Brief descriptive captions

• • • • • • •

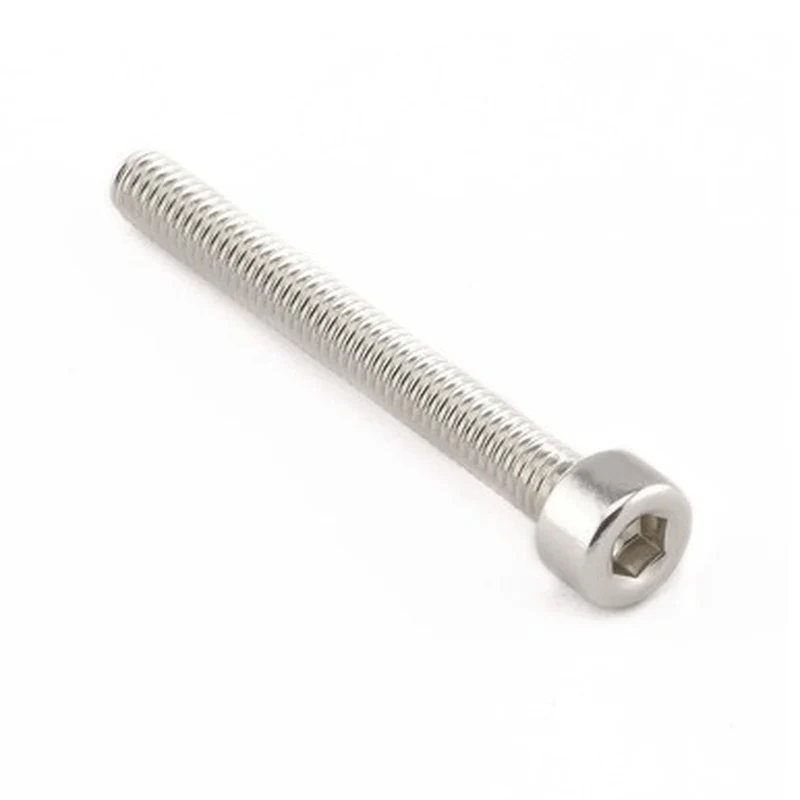 Tornillo Aluminio Pro-bolt cabeza cilíndrica M4 x (0.7mm) x 35mm LPB435S Plata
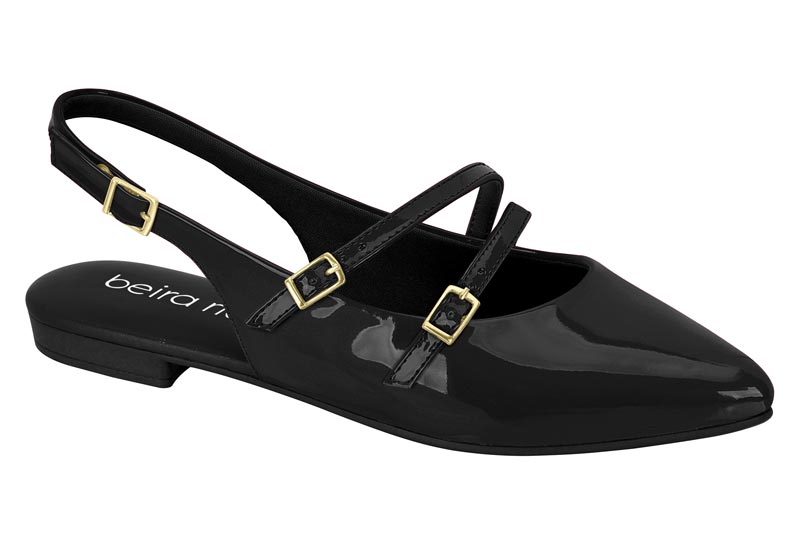 BEIRA RIO / NEGRO 01 / CAJA DE 12 PARES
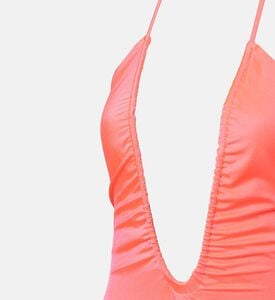 Halter One-piece Swimsuit Halter One-piece Swimsuit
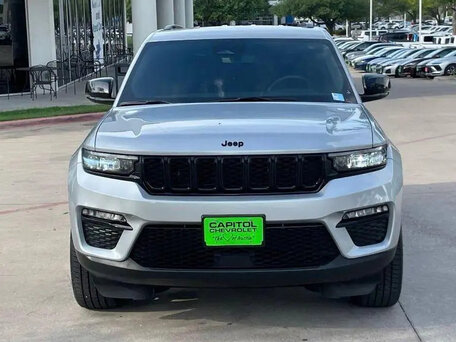 2024 Jeep Grand Cherokee L V (WL), серебристый, 7615753 рублей, вид 2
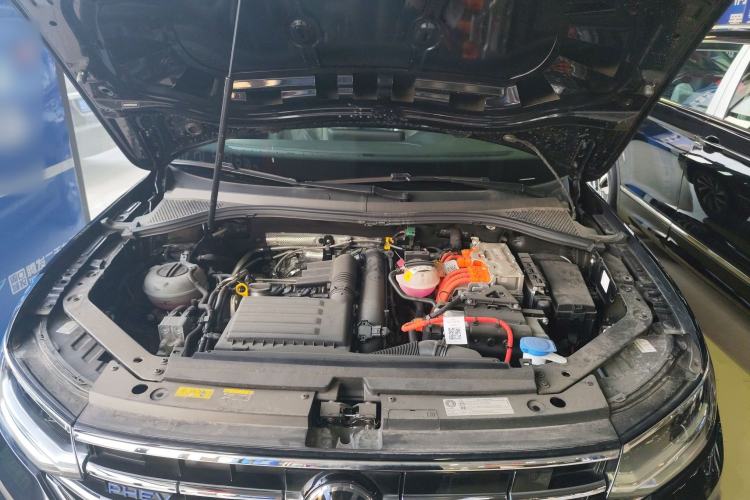 Used Volkswagen Tiguan L New Energy 2023 430 PHEV Plug-in Hybrid Prestige Edition Engine Bay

• • • • • • •

**Task prompt**. This task asks for the data above repeated exactly, without a single picture.

**Exercise output**.
 Tornillo Aluminio Pro-bolt cabeza cilíndrica M4 x (0.7mm) x 35mm LPB435S Plata
 BEIRA RIO / NEGRO 01 / CAJA DE 12 PARES
 Halter One-piece Swimsuit Halter One-piece Swimsuit
 2024 Jeep Grand Cherokee L V (WL), серебристый, 7615753 рублей, вид 2
 Used Volkswagen Tiguan L New Energy 2023 430 PHEV Plug-in Hybrid Prestige Edition Engine Bay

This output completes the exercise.